### PROBLEM REQUIREMENTS:
From the line containing "Wireless communication method" down to the last line of the entries, print each line exactly and leave the pictures out.

### DATASET:
----
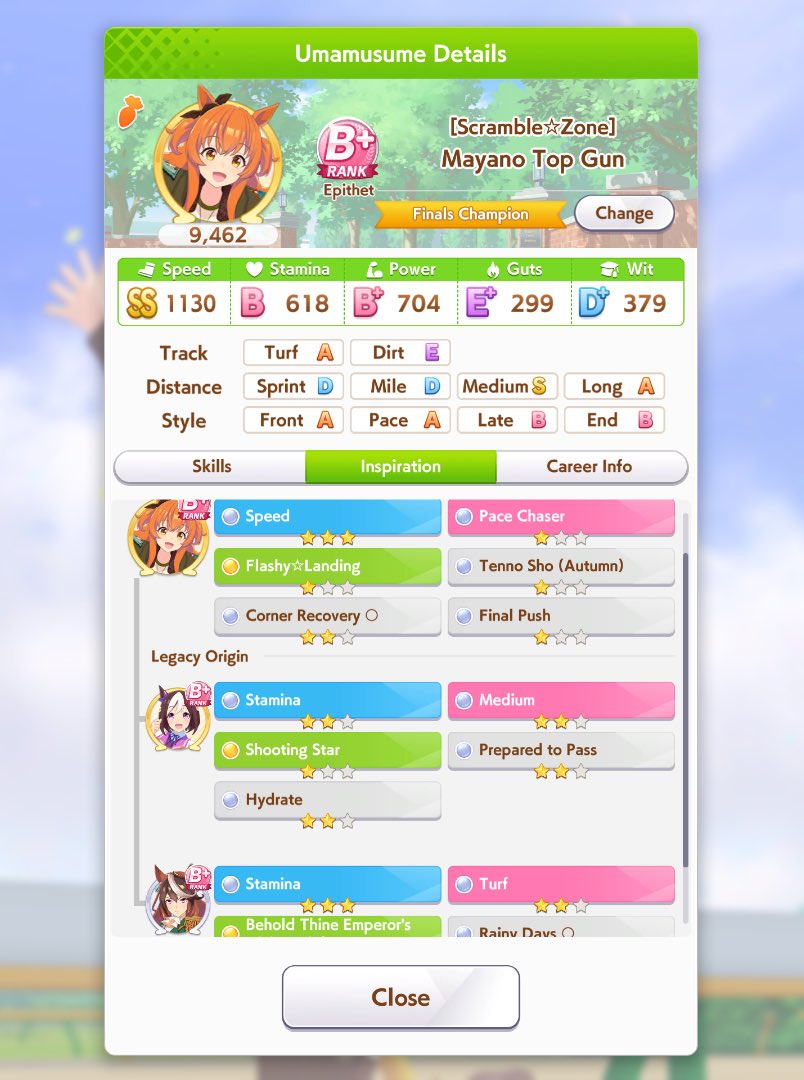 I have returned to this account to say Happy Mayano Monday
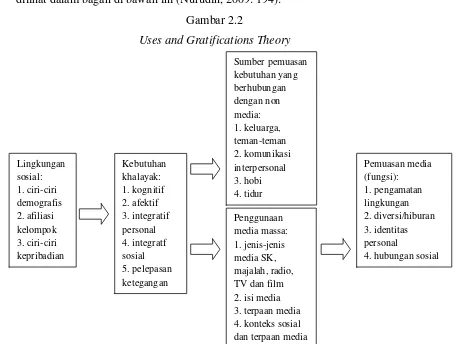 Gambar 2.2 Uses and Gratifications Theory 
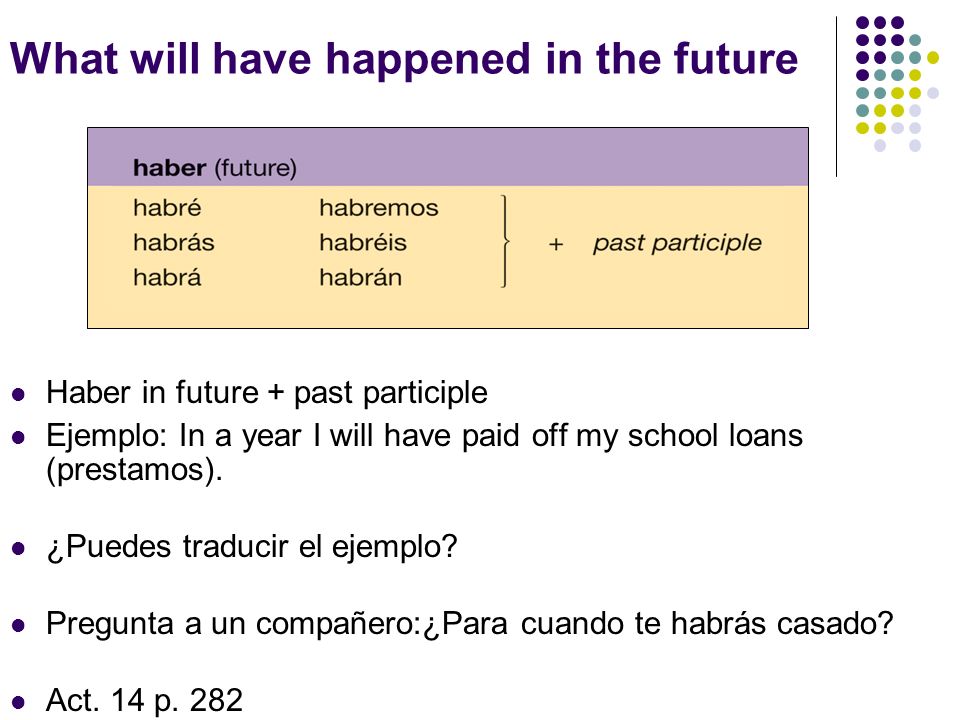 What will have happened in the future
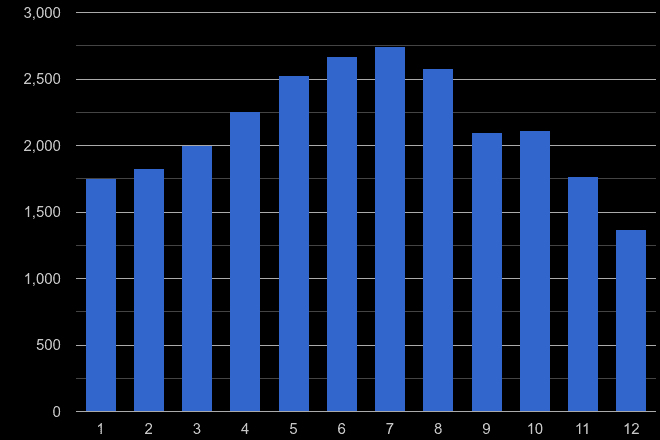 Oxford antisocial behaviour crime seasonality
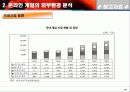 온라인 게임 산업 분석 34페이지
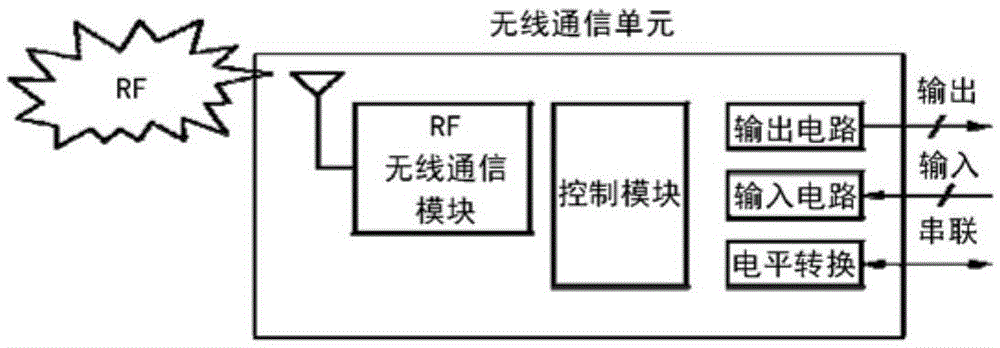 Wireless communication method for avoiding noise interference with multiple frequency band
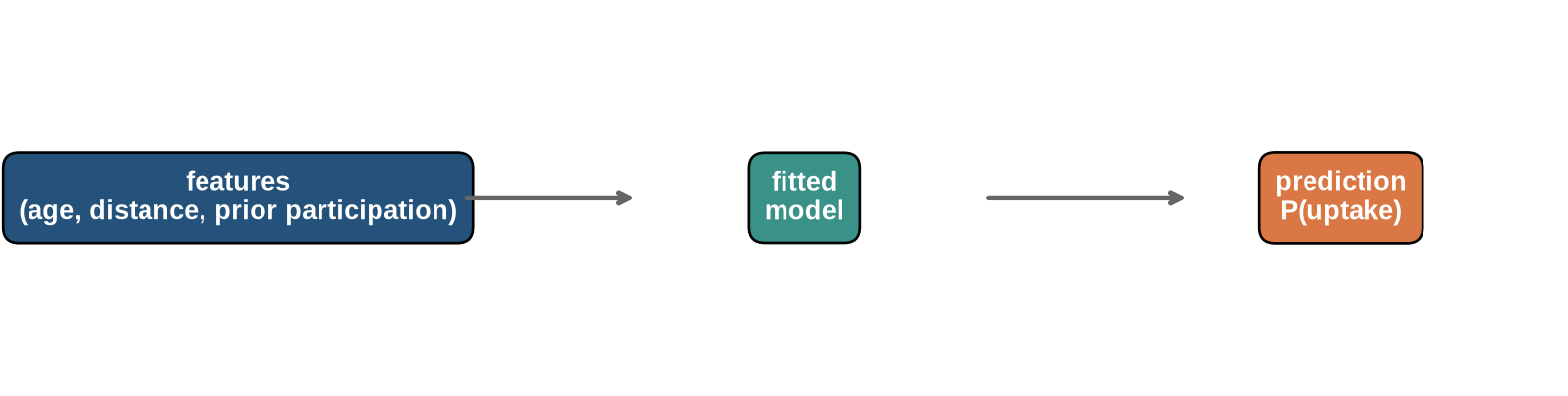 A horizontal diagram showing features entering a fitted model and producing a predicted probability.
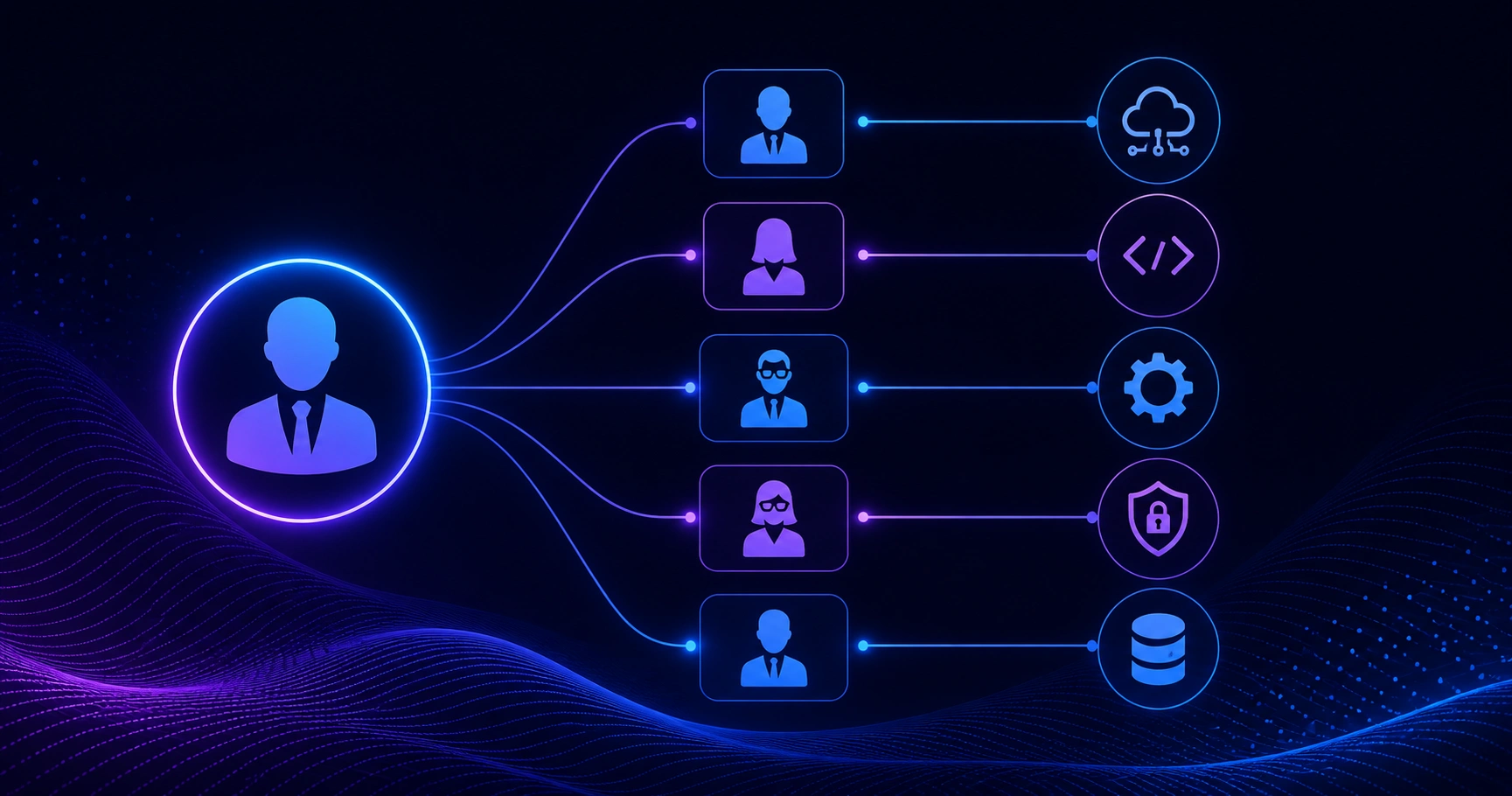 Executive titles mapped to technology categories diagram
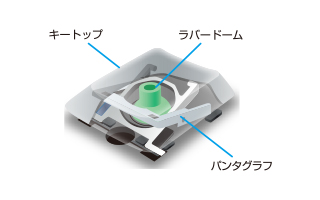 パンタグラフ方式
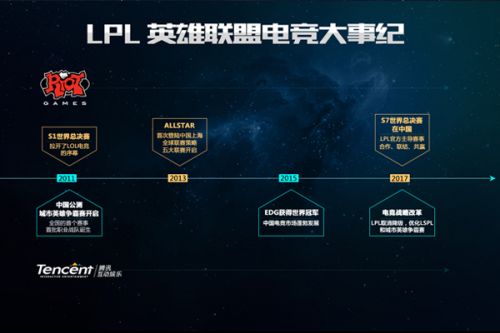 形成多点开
----
### RESPONSE TO THIS TASK:
 Wireless communication method for avoiding noise interference with multiple frequency band
 A horizontal diagram showing features entering a fitted model and producing a predicted probability.
 Executive titles mapped to technology categories diagram
 パンタグラフ方式
 形成多点开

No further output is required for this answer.